§ **Action item**:
Using the listing below, copy exactly the lines from the one containing "常吃番石榴抗衰老!五月最该吃的9种应季水果" to the one containing "Cockapoo dogs for", both lines included, and no others.
:::
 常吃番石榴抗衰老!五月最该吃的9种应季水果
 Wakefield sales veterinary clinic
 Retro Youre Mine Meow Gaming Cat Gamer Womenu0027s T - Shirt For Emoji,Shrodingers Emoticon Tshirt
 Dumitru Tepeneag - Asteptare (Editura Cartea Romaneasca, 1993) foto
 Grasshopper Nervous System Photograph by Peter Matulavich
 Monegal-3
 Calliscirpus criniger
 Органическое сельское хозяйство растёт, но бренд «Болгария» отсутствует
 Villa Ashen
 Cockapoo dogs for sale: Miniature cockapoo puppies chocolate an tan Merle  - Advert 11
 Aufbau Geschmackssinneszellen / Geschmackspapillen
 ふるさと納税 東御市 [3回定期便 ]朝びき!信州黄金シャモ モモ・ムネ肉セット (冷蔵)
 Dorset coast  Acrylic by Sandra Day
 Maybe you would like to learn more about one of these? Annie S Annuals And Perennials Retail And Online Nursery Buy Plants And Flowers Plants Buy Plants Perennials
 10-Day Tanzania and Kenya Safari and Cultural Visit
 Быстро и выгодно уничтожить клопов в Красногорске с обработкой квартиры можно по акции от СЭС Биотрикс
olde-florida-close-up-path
:::
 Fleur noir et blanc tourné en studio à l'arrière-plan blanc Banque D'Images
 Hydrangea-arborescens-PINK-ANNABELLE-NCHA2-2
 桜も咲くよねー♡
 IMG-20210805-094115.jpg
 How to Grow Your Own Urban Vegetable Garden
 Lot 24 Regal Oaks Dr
:::
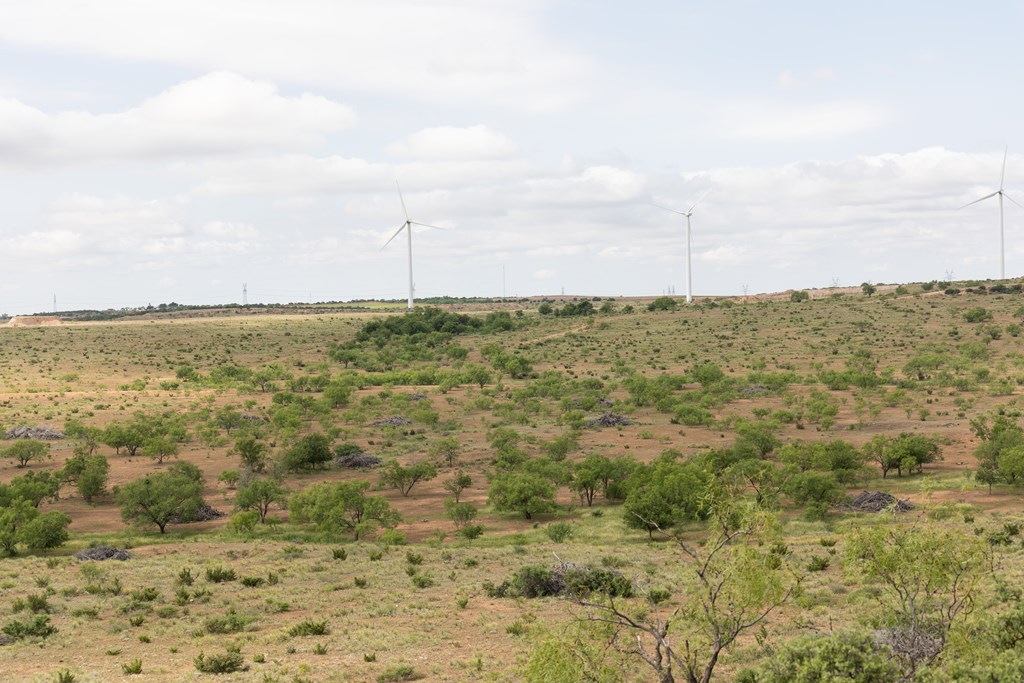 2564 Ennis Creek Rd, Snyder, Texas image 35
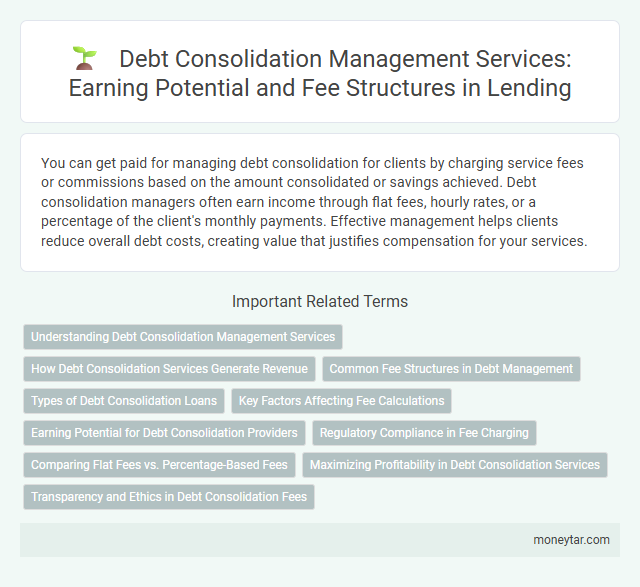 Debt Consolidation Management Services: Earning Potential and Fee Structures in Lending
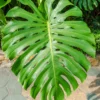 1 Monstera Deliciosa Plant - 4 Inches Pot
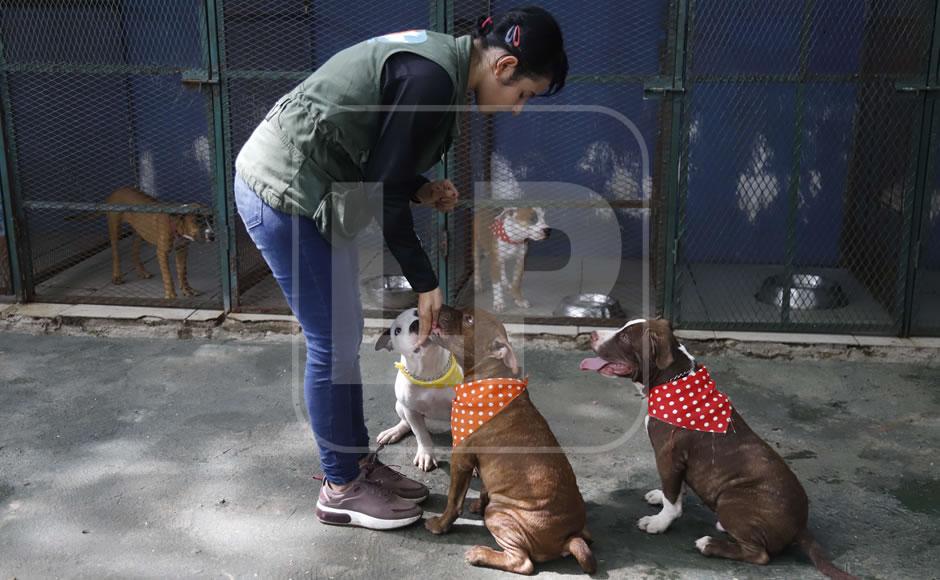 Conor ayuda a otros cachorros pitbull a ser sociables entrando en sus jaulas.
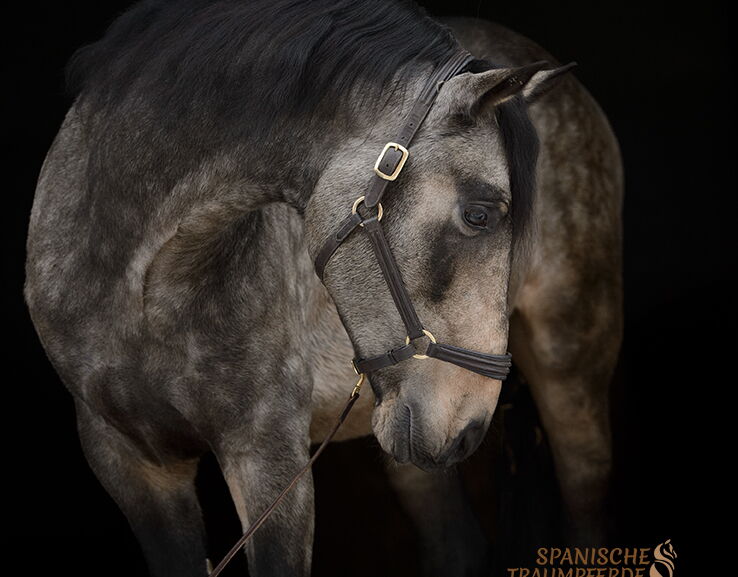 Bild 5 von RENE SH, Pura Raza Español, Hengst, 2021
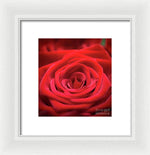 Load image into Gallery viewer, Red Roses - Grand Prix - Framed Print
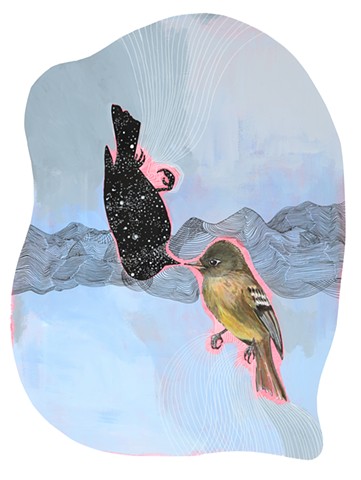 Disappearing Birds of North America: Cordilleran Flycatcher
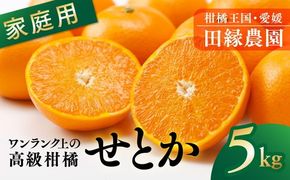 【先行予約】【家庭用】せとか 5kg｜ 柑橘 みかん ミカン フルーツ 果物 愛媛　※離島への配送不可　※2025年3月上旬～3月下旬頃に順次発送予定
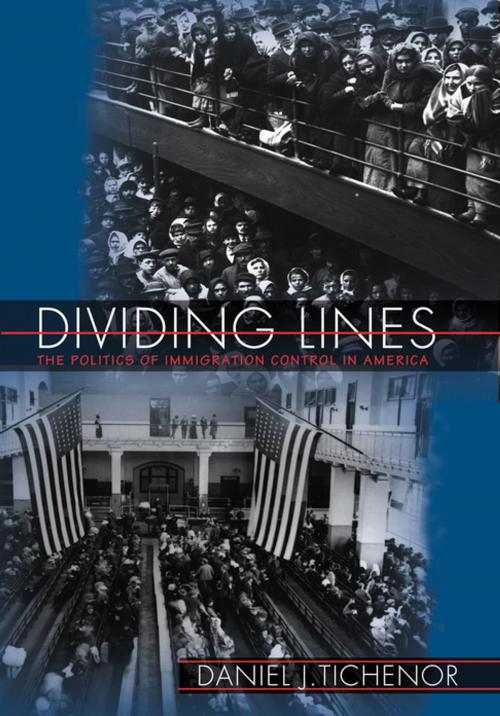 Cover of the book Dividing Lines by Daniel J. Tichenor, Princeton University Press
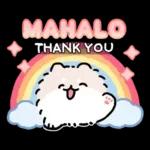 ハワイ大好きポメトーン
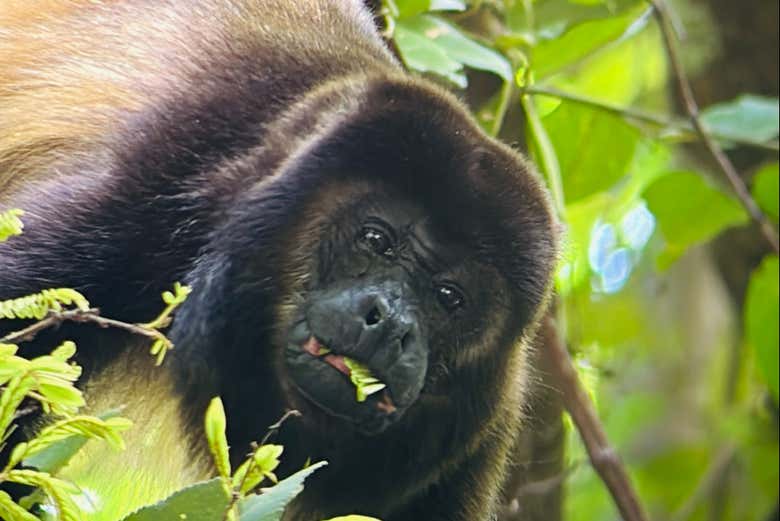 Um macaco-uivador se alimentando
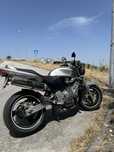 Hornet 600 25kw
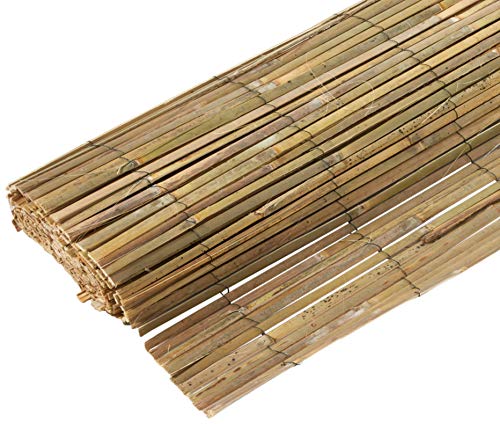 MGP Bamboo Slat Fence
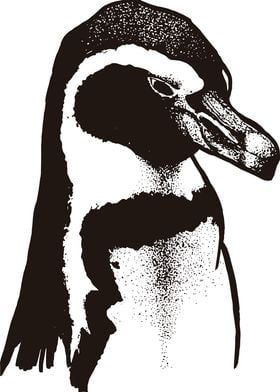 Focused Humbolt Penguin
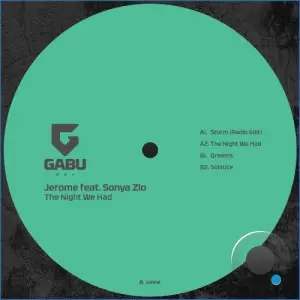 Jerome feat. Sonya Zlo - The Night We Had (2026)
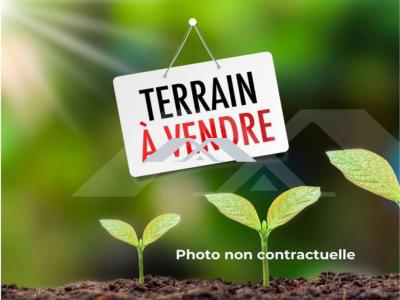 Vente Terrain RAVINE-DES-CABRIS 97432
:::
§ **Response**:
 常吃番石榴抗衰老!五月最该吃的9种应季水果
 Wakefield sales veterinary clinic
 Retro Youre Mine Meow Gaming Cat Gamer Womenu0027s T - Shirt For Emoji,Shrodingers Emoticon Tshirt
 Dumitru Tepeneag - Asteptare (Editura Cartea Romaneasca, 1993) foto
 Grasshopper Nervous System Photograph by Peter Matulavich
 Monegal-3
 Calliscirpus criniger
 Органическое сельское хозяйство растёт, но бренд «Болгария» отсутствует
 Villa Ashen
 Cockapoo dogs for sale: Miniature cockapoo puppies chocolate an tan Merle  - Advert 11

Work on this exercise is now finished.